How to improve inline function efficiency?

Question

I profiled my code and found that one inline function takes about 8% of the samples. The function is to convert matrix subscripts to indices. It is quite like the matlab function sub2ind.

inline int sub2ind(const int sub_height, const int sub_width, const int width) {
    return sub_height * width + sub_width;
}

I guess the compiler does not perform inline expansion, but I don't know how to check that out.

Is there any way to improve this? Or explicitly let the compiler perform inline expansion?

Assembly verification would be good, but from my experience using profilers, if the function symbol shows up in a profiler, it's not being inlined, as inlined functions make the hotspot show up in the caller rather than the function. If the assembly verification reveals a function call, I would suggest making sure the function is visible in the header (linkers can inline code, but I've had a better success when the function can be inlined during compilation -- though I unfortunately have to work with old compilers at my work and that advice may be poor for newer ones). — , May 05 '15 at 14:31
Then another thing to try is to verify the build settings, make sure that optimizations are properly turned on. I'd consider something like __forceinline as a last resort. — , May 05 '15 at 14:32

score 5 · Accepted Answer · edited May 23 '17 at 11:51

Did you remember to compile with optimizations? Some compilers have an attribute to force inlining, even when the compiler doesn't want to: see this question.
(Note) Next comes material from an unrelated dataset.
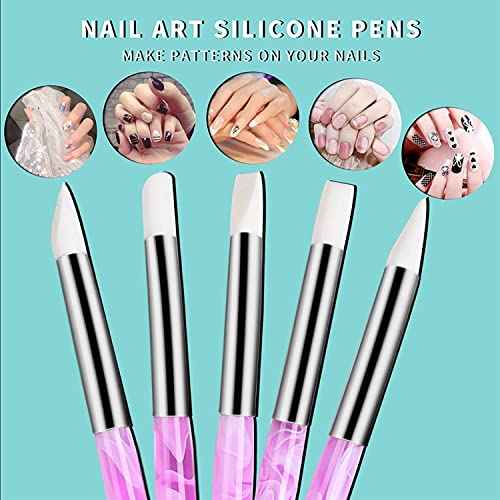 BQAN 5Pcs Nail Art Sculpture Pen, Silicone Nail Art Brushes for Gel, Acrylic Nails, Foil Carving, Drawing & Shaping, Nail Art Tools for Home Salon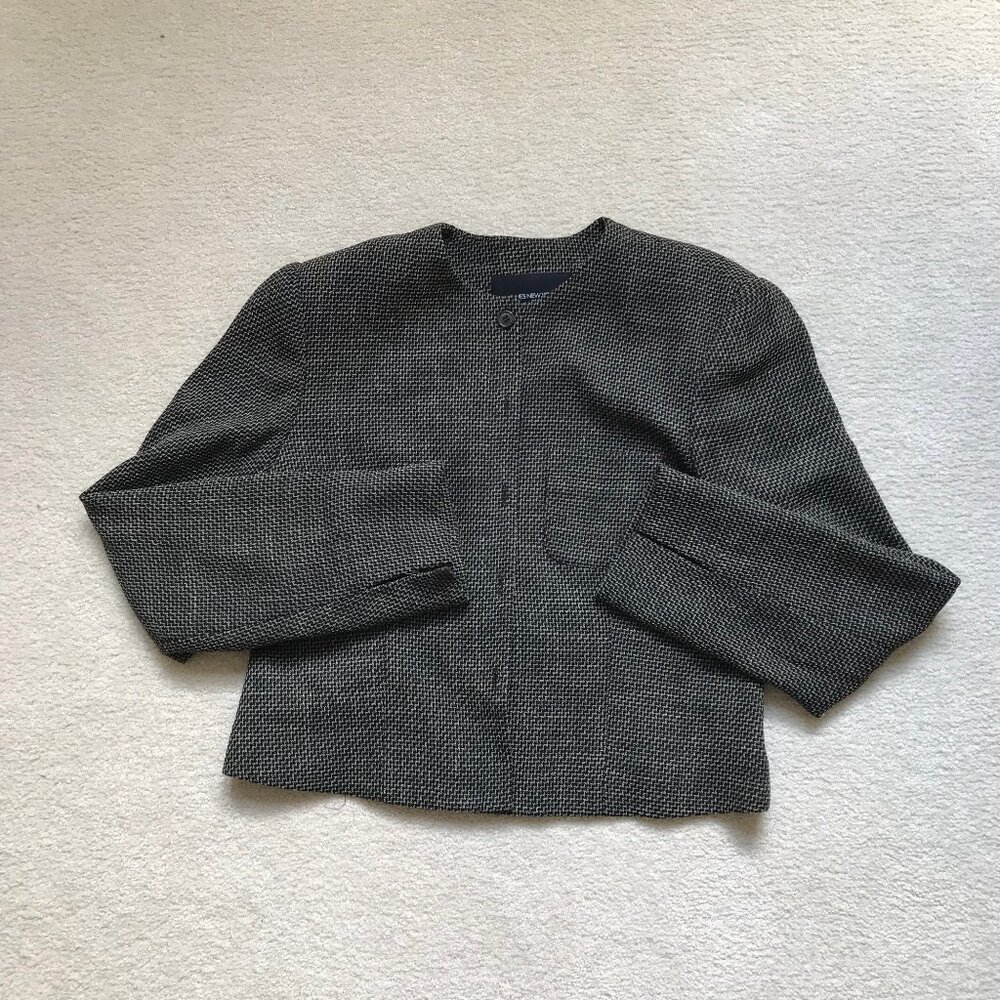 JONES NEW YORK WOVEN BLAZER CROPPED REPEATING PATTERN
But it probably has already; you can try having your compiler output the assembly code and try to check for sure that way.
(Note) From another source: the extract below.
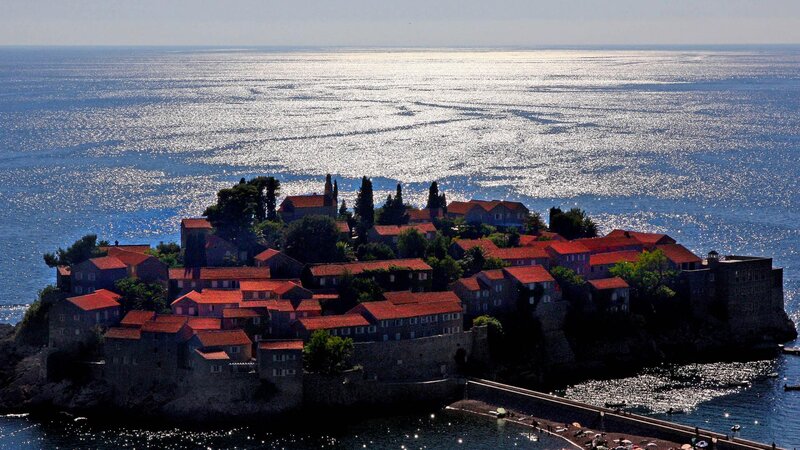 Island Village with Red Roofs — Blue
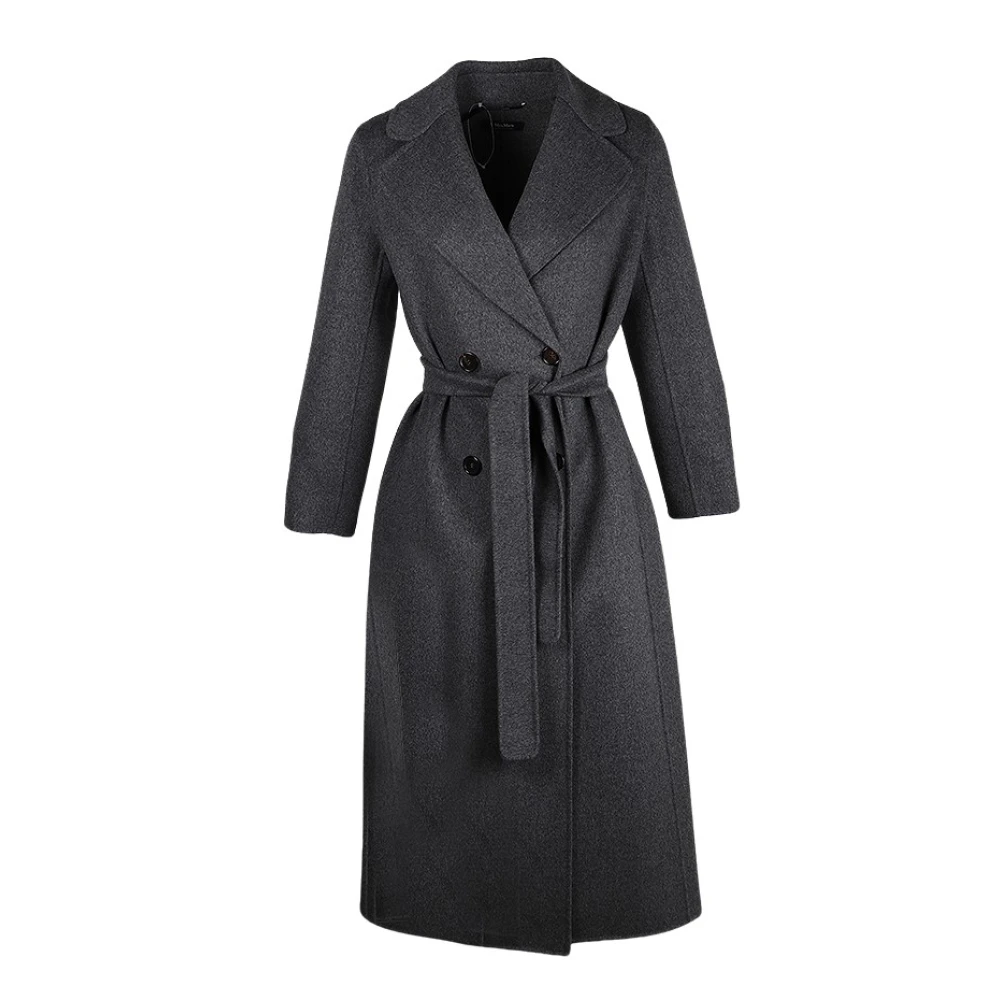 Max Mara Elegante Wollen Jas met Dubbele Knopen Gray Dames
It is not implausible that index calculations can be a significant fraction of your time -- e.g. if your algorithm is reading from a matrix, a little bit of calculation, then writing back, then index calculations really are a significant fraction of your compute time.

Or, you've written your code in a way that the compiler can't prove that width remains constant throughout your loops*, and so it has to reread it from memory every time, just to be sure. Try copying width to a local variable and use that in your inner loops.
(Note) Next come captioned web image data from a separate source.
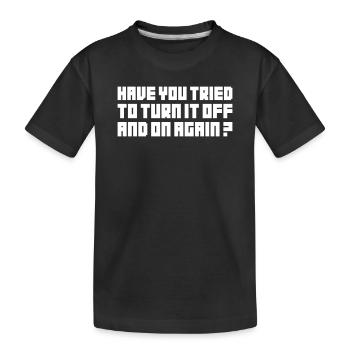Turning It Off – Nerd Geek Computer Support TBBT - Kinder Premium Bio T-Shirt - Schwarz - Vorne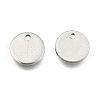 304 Stainless Steel Stamping Blank Tag Flat Round Charms Pendants STAS-Q171-04-1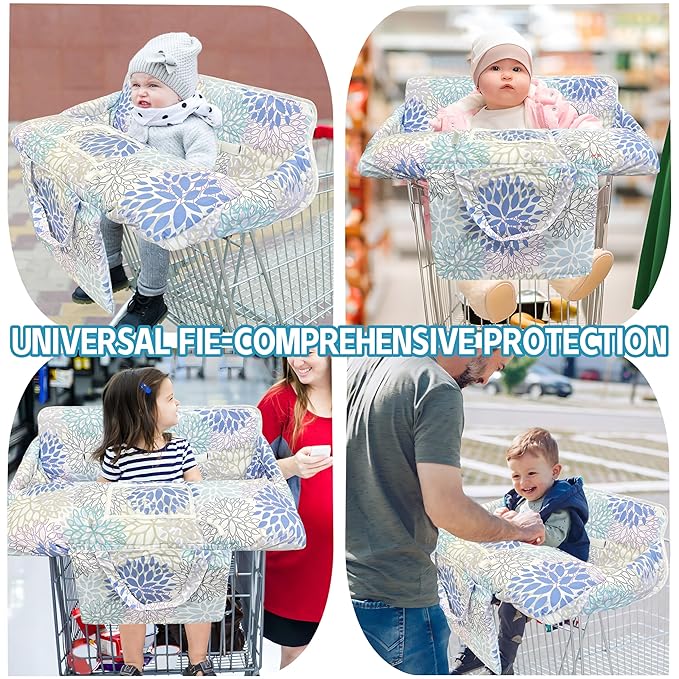 Shopping Cart Cover for Baby,2-in-1 High Chair Cover Soft,Portable,and Machine Washable,Comfortable Cotton Seat Pad with Safety Harness and Portable Cloth Bag,Fits All Supermarkets and Restaurants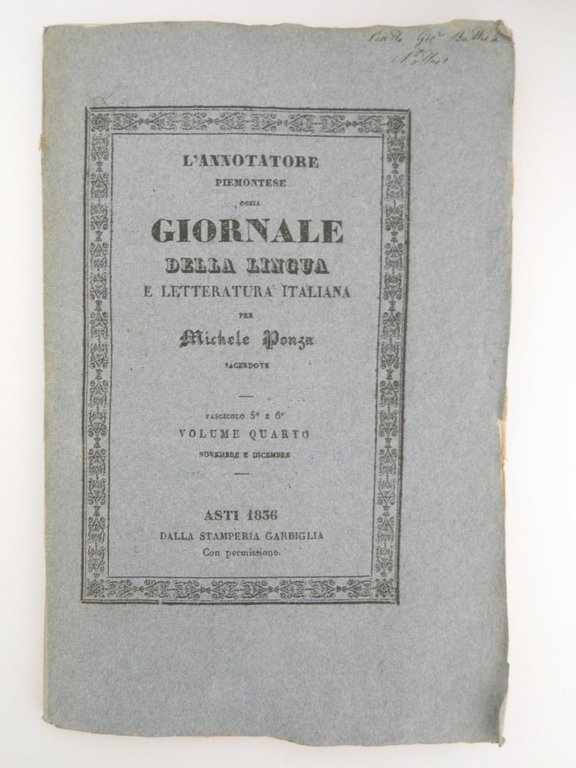 L' annotatore piemontese ossia giornale della lingua e letteratura italiana …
Now, you've said that this takes 8% of your time -- that means it is unlikely that you can possibly get anything more than an 8% improvement to your runtime, and probably much less. If that's really worth it, then the thing to do is probably to fundamentally change how you iterate through the array.

e.g.

if you tend to access the matrix in a linear fashion, you could write some sort of two-dimensional iterator class that you can advance up, down, left, or right, and it will use additions everywhere instead of multiplication
same thing, but writing an "index" class that just holds the numbers rather than pretending to be a pointer
if width is a compile-time constant, you could make it explicitly so, e.g. as a template parameter, and your compiler might be able to do more clever things with the multiplication

*: You could have done something silly, like put the data structure for your matrix in the very memory where you're storing the matrix entries! So when you update the matrix, you might change the width. The compiler has to guard against these loopholes, so it can't do optimizations it 'obviously should' be able to do. And sometimes, the sort of thing that a loophole in one context can well be the programmer's obvious intent in another context. Generally speaking, these sorts of loop holes tend to be all over the place, and the compiler is better at finding these loopholes than humans are at noticing them.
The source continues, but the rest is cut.